▶ [GOAL OF THE EXERCISE]: Each line below is to be repeated exactly; any picture is to be left out.

▶ [GIVEN DATA]:
↓

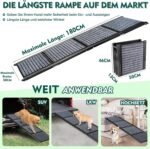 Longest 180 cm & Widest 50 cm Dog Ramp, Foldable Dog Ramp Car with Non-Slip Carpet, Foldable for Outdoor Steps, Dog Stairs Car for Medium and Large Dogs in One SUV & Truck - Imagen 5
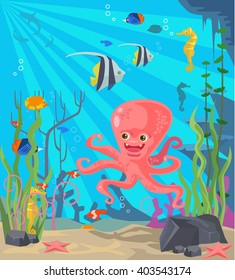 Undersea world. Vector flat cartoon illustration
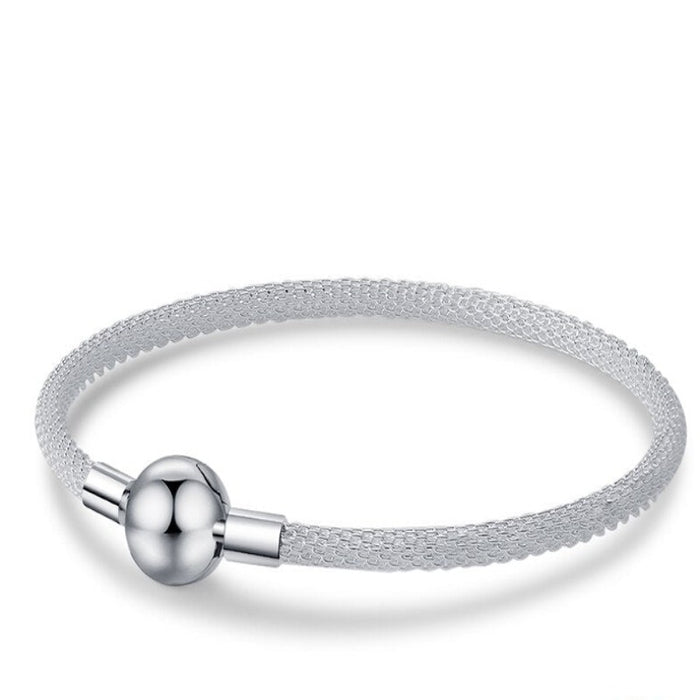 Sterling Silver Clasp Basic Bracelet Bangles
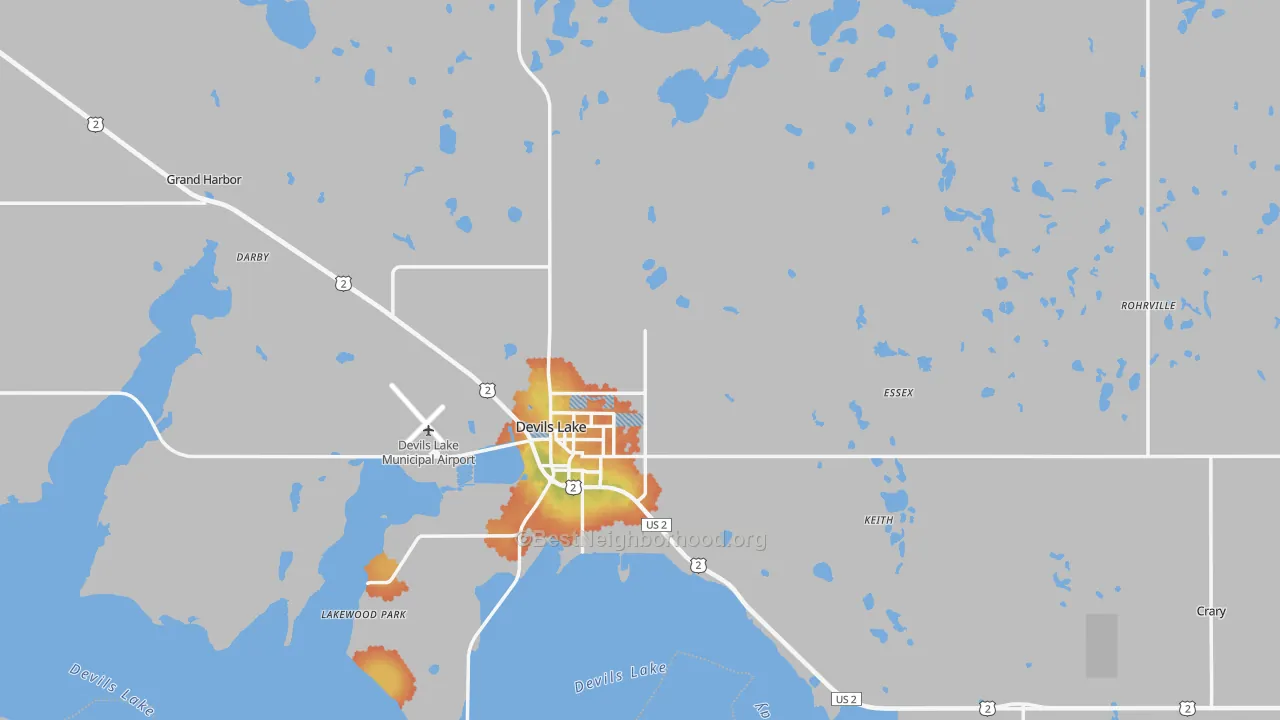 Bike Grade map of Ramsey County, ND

↑

▶ [SOLUTION TO THIS EXERCISE]:
 Longest 180 cm & Widest 50 cm Dog Ramp, Foldable Dog Ramp Car with Non-Slip Carpet, Foldable for Outdoor Steps, Dog Stairs Car for Medium and Large Dogs in One SUV & Truck - Imagen 5
 Undersea world. Vector flat cartoon illustration
 Sterling Silver Clasp Basic Bracelet Bangles
 Bike Grade map of Ramsey County, ND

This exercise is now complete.